Embark on a journey as an online financial services client seeks to enhance their predictive modeling capabilities and streamline their business processes. Faced with fragmented data environments, complex model applications, and a lack of common definitions, the need for a comprehensive solution was paramount. Witness the power of the Data Science Feature Factory as it brings together data source discovery, data quality reports, standardized business definitions, and automated feature calculations. Through this innovative approach, over 5,198 features were developed, reducing model build time and enabling additional feature creation with minimal coding. Standardized inputs, time periods, and calculations eliminate confusion among data science teams, while a hardened process flow minimizes the risk of failure in production environments. Experience the game-changing impact of this revolutionized approach to data science, unlocking the full potential of financial services.

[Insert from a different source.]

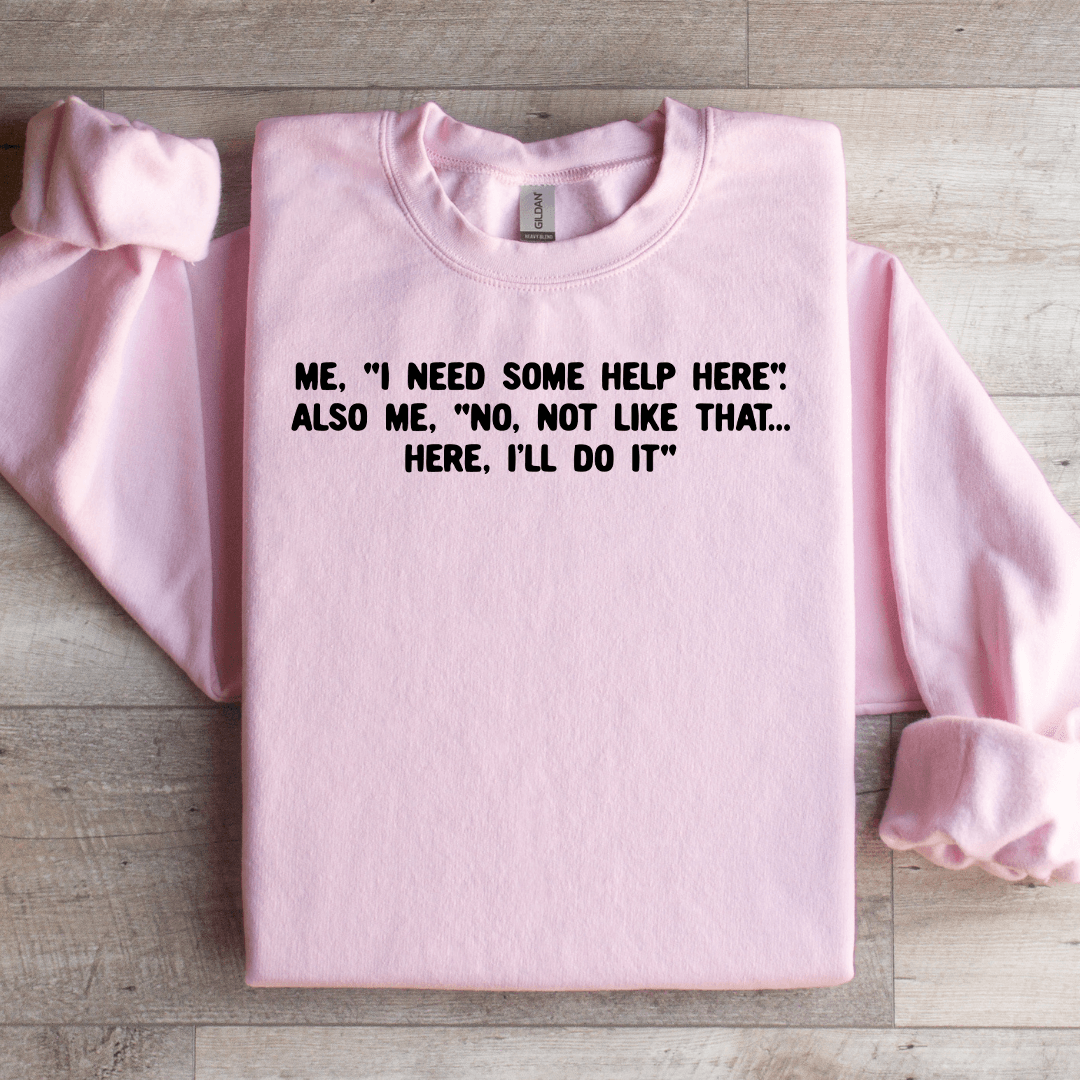 I Need Some Help Here Sweatshirt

The challenge faced by an online financial services client was the need to enhance their capability to swiftly develop predictive models in order to align with their business objectives. The client's data environment was fragmented, with various business processes and models relying on different sources for the same information. The applications of these models were highly intricate, encompassing real-time fraud detection, loss prevention, and identity theft prevention. However, the process of developing new models and maintaining existing ones required substantial manual effort. Additionally, there was a lack of a common definition of key measures and outcomes among data science, engineering, risk, and business stakeholders, further complicating the situation.
To address the challenges faced, a comprehensive solution was implemented. First, data source discovery and evaluation of internal tables and databases were conducted to ensure the availability and reliability of data. Data quality reports and summaries were generated to assess the accuracy and completeness of the data. Then, functions were developed to produce first-order event logs based on standardized business definitions, facilitating efficient data processing. Additionally, function calls were created to compute numerous metrics for each input, forming a finalized feature library. Finally, the code base was integrated into the production system to enable batch and on-demand feature calculations, ensuring seamless and timely integration of the solution into the client's operations.
The development of a total of 5,198 features has had a significant impact on the application of new models. By leveraging the existing feature set, the build time for new models has been greatly reduced. Furthermore, the creation and iteration of additional features can now be accomplished with minimal coding efforts. To streamline the process and ensure consistency, definitions of inputs, time periods, and calculations have been standardized, reducing confusion among data science teams. Additionally, the implementation of a hardened process flow has significantly reduced the risk of failure in the production environment, enhancing overall efficiency and effectiveness.